Credit: Clayton Raithel
Conductor and countertenor Tim Keeler is sought after as both a performer and an educator. He is a member of the Choir of Trinity Wall Street and sings as a frequent soloist throughout New York City. He performs weekly Bach cantatas with Bach Vespers at Holy Trinity Lutheran Church and appears regularly with TENET, New York’s preeminent early music ensemble. He has recorded with the Grammy-nominated vocal quartet New York Polyphony and will make his Carnegie Hall debut in February 2017 with the British early music ensemble, Gallicantus. Also an avid proponent of new and challenging repertoire, Tim is a core member of Ekmeles, a vocal ensemble based in New York City dedicated to contemporary, avant-garde and infrequently-performed vocal repertoire.

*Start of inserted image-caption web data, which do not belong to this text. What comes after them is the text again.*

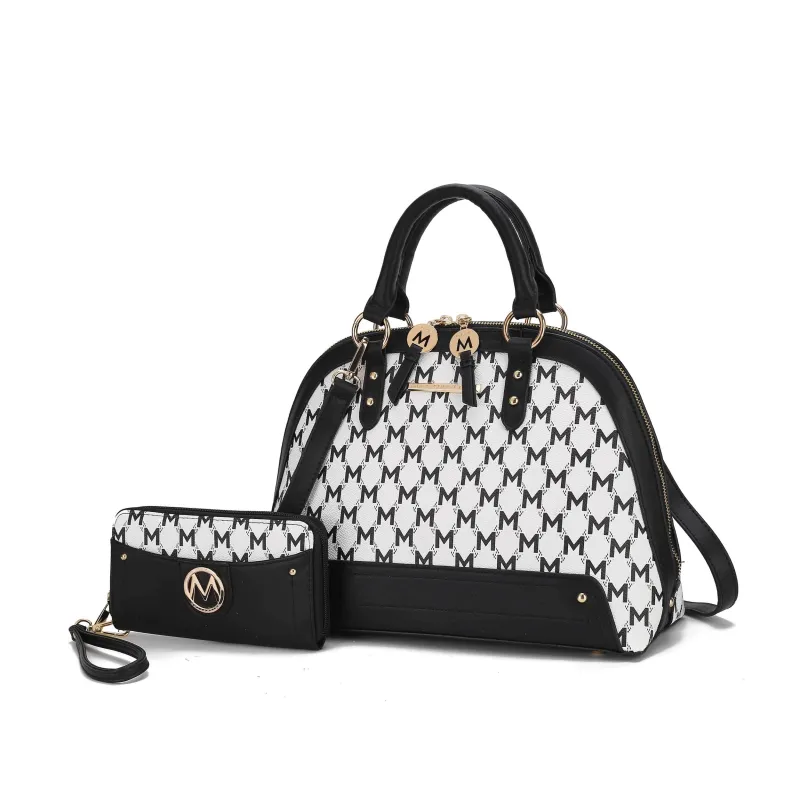 MKF Collection by Mia K. Frida Vegan Leather Women’s Satchel with matching Wallet sold by Zulily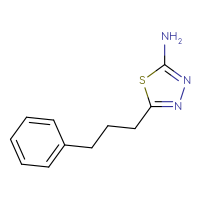 Chemical structure of 5-(3-phenylpropyl)-1,3,4-thiadiazol-2-amine - CSSB00011330171
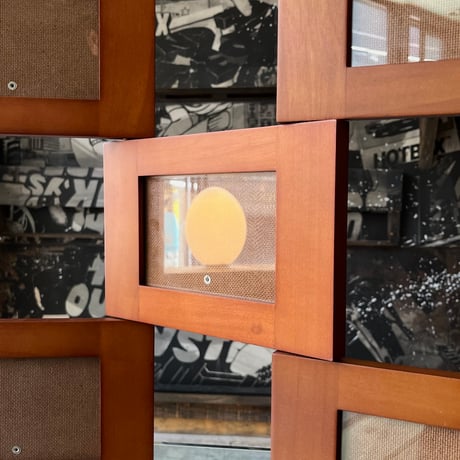USED WOODEN PHOTO FRAME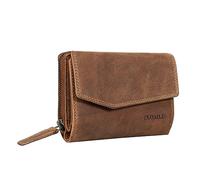 STILORD 'Lark' Portefeuille Femme Cuir Vintage Porte-Monnaie Grande Pochette Porte Carte pour Dames en Cuir Véritable, Couleur:Bergamo - Marron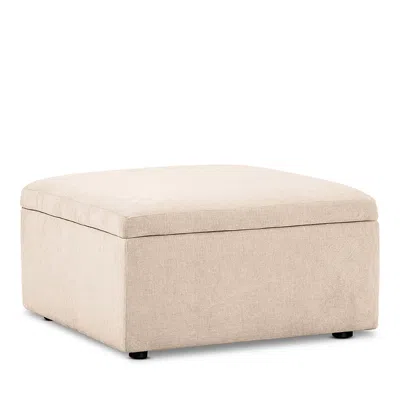 Bloomingdale's Alice Medium Square Storage Ottoman, In Fabric In Artisan Barley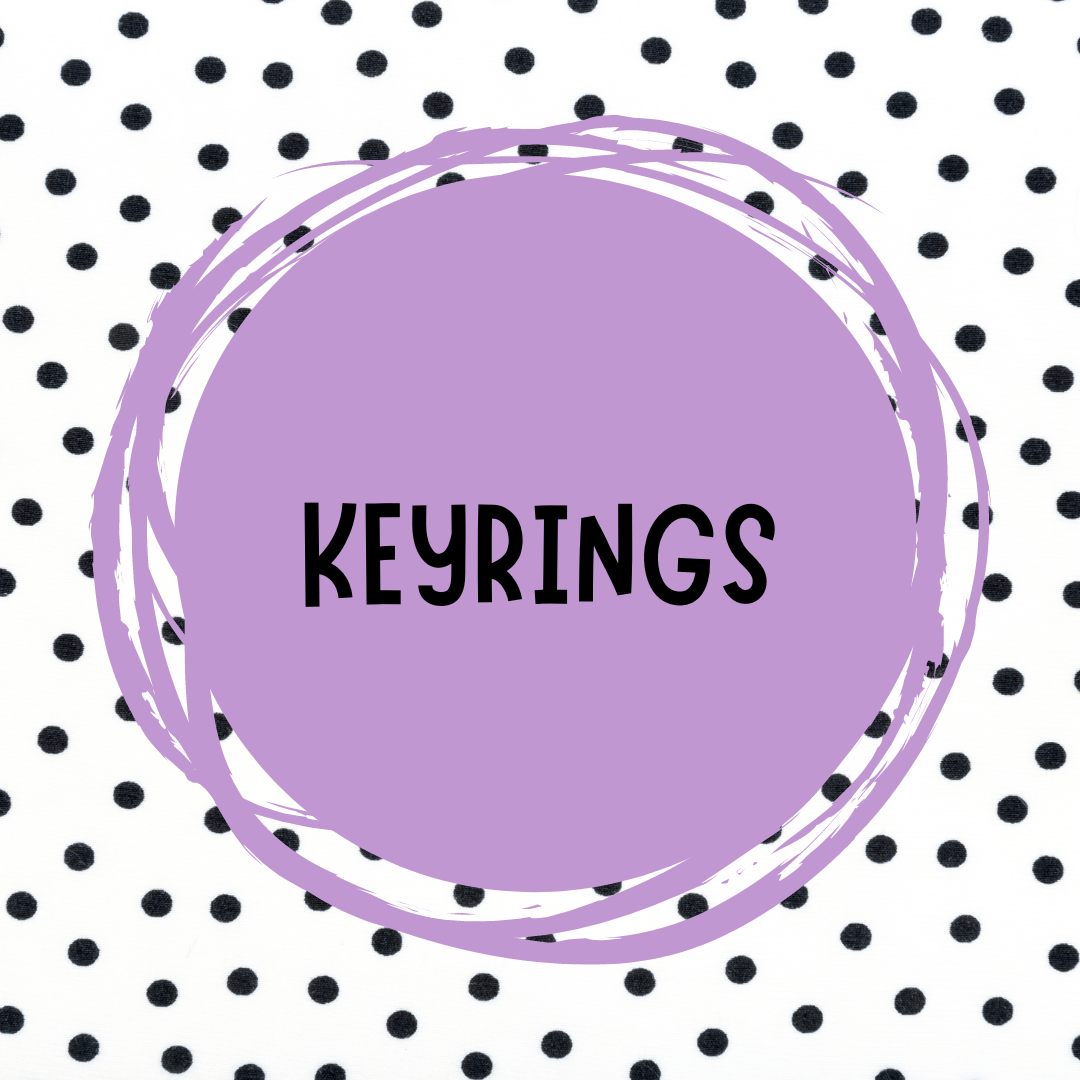 Keyrings - Printed Treasures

Tim is the artistic director of Trident Ensemble, a new all-male vocal ensemble dedicated to novel and perceptive programming. Their first season of well-received concerts included the US premiere of Shostakovich’s Loyalty, a reflective and searching work for male choir written on the 100th anniversary of Vladimir Lenin’s death.
As an educator, Tim is in demand both in New York and around the world. He conducts the choirs at the Special Music School High School in Manhattan and works closely with the Young People’s Chorus of New York City as a vocal coach and satellite school conductor. He is also the choral conductor for Juilliard’s new Summer Performing Arts Program, an international summer course collaboration with Nord Anglia Education.
Tim holds an AB in Music from Princeton University with certificates in Vocal Performance and Computer Science, an MPhil in Music and Science from Cambridge University, and an MM in Choral Conducting from the University of Michigan. While studying at the University of Michigan, Tim conducted numerous University ensembles and served as assistant conductor of the Grammy-award winning UMS Choral Union, preparing the choir for performances with Leonard Slatkin and the Detroit Symphony Orchestra. His dissertation at Cambridge explored statistical methods used in natural language processing and unsupervised machine learning as applied to musical phrase detection and segmentation.